In the last few posts we have looked at spectral densities of a select point processes. In those posts we have represented events as points on the time axis. Such approach is just an approximation, which is valid when the duration of events is negligible, but it is not always so. When the events have finite duration, but the process is otherwise identical to the Poisson process, we obtain a peculiar type of noise known as the shot noise.

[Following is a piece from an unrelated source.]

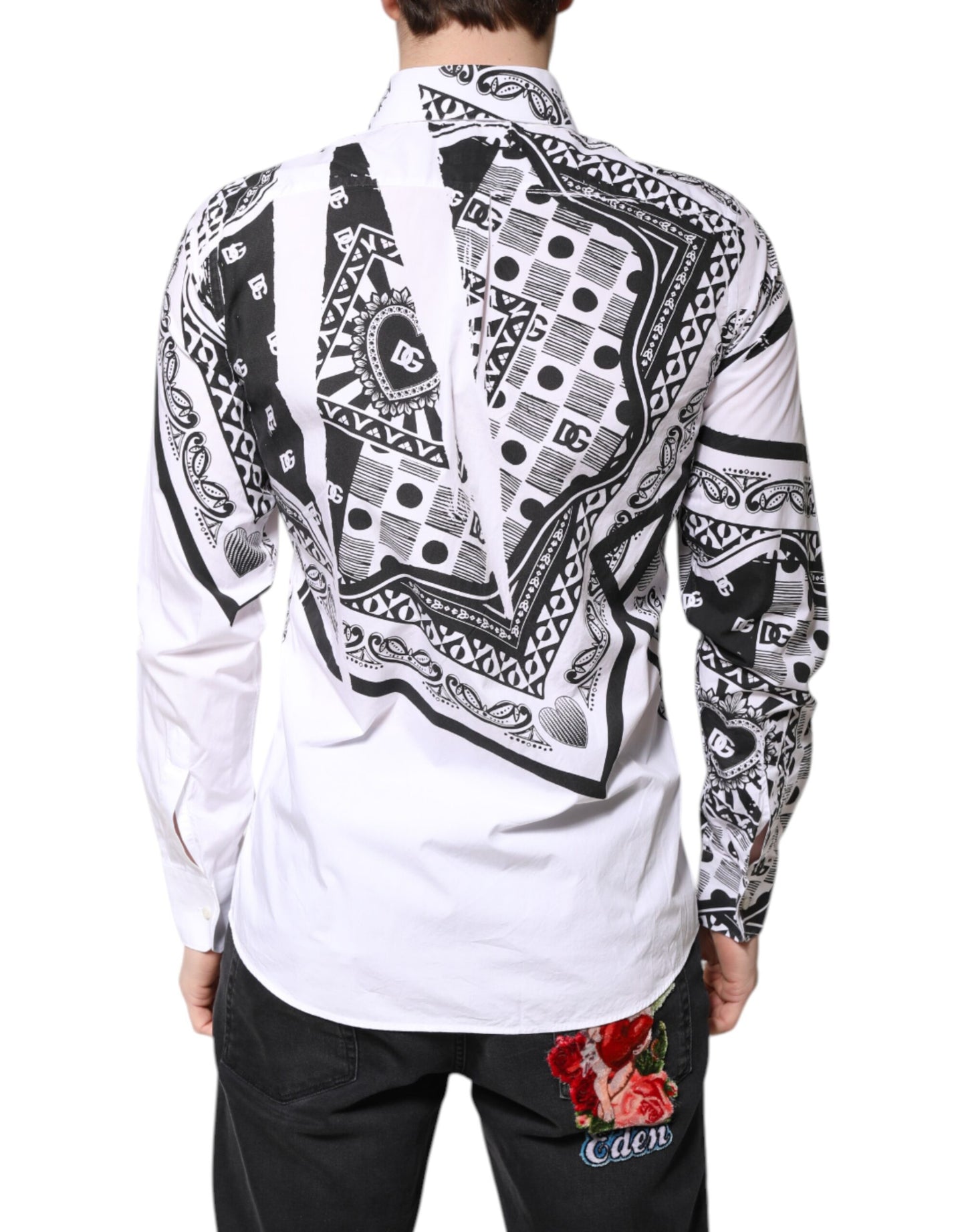 Dolce & Gabbana White Black Bandana MARTINI Men Dress Shirt by Dolce & Gabbana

## Power spectral density of a signal with fixed rectangular pulses

So, if the signal can represented as

\begin{equation} I(t) = \sum_k A_k(t-t_k) , \end{equation}

with $$A_k(s)$$ being the $$k$$-th pulse profile. Then the Fourier transform of the signal is given by

\begin{equation} \mathcal{F}\left\{ I(t) \right\} = \sum_k e^{-2 \pi \mathrm{i} f t_k} \mathcal{F}\left\{A_k(t) \right\} . \end{equation}

If $$A_k(s)$$ is a rectangular pulse with fixed duration $$\theta$$ and fixed unit height, then the Fourier transform of the pulse is no longer trivial (in comparison with an earlier post)

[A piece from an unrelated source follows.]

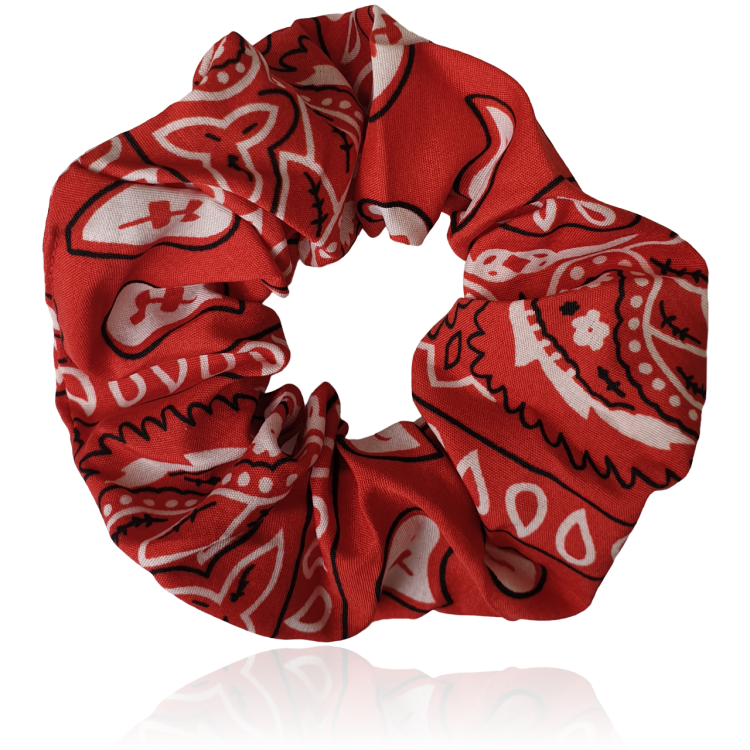 Gumka do włosów BANDANA scrunchie owijka czerwona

\begin{equation} \mathcal{F}\left\{ A_k(s) \right\} = \int_0^\theta e^{-2 \pi \mathrm{i} f u} \mathrm{d} u = \frac{\mathrm{i}}{2 \pi f} \left(e^{-2\pi\mathrm{i} f \theta} - 1 \right) . \end{equation}

The Fourier transform of the signal is then given by

\begin{equation} \mathcal{F}\left\{ I(t) \right\} = \frac{\mathrm{i}}{2 \pi f} \left(e^{-2\pi\mathrm{i} f \theta} - 1 \right) \cdot \sqrt{\frac{2}{T}} \sum_k e^{-2 \pi \mathrm{i} f t_k} . \end{equation}

The power spectral density of the signal is then given by

\begin{equation} S(f) = \lim_{T\rightarrow\infty} \left\langle \frac{2}{T} \cdot \left\lvert \frac{\mathrm{i}}{2 \pi f} \left(e^{-2\pi\mathrm{i} f \theta} - 1 \right) \right\rvert^2 \cdot \left\lvert \sum_k e^{-2 \pi \mathrm{i} f t_k} \right\rvert^2 \right\rangle . \end{equation}

As we have dealt with the most of the complications of the above in an earlier post, we can now just deal with

\begin{equation} \left\lvert \frac{\mathrm{i}}{2 \pi f} \left(e^{-2\pi\mathrm{i} f \theta} - 1 \right) \right\rvert^2 = \frac{1}{2 \pi^2 f^2} \left[1 - \cos\left(2 \pi f \theta \right) \right]. \end{equation}

Then, for a finite signal, we have

\begin{equation} S(f) \approx \frac{3 N}{T \pi^2 f^2} \left[1 - \cos\left(2 \pi f \theta \right) \right] . \end{equation}

Alternatively one could rewrite the expression as a square of the sinc function. Thus the tell-tale of the shot noise in the spectral domain is its oscillating power spectral density. Notably the first "dip" can be found at $$f_1 = \theta^{-1}$$, later ones are observed at the integer multiples of $$f_1$$.

## Interactive app

Interactive app below generates a signal with (possibly overlapping) rectangular pulses. The duration of the pulses $$\theta$$ is fixed, and you may change this value as desired. The height of the pulses is fixed to $$1$$, as the power spectral density dependence on the height of the pulses is trivial.

Note that the pulses may overlap, because the inter-event time $$\tau$$ (it is sampled from an exponential distribution with rate $$\lambda$$) in this case is treated as the duration between the starting times of the pulses. So if a particular inter-event time is smaller than the fixed duration of the pulse, i.e., $$\tau_i < \theta$$, then multiple pulses could overlap. To avoid excessive overlaps, which slow down the simulation by a lot, we have limited the possible rates, so that $$\lambda \leq \frac{1}{\theta}$$. In the earlier point process model this was not possible, because the pulses had negligible duration.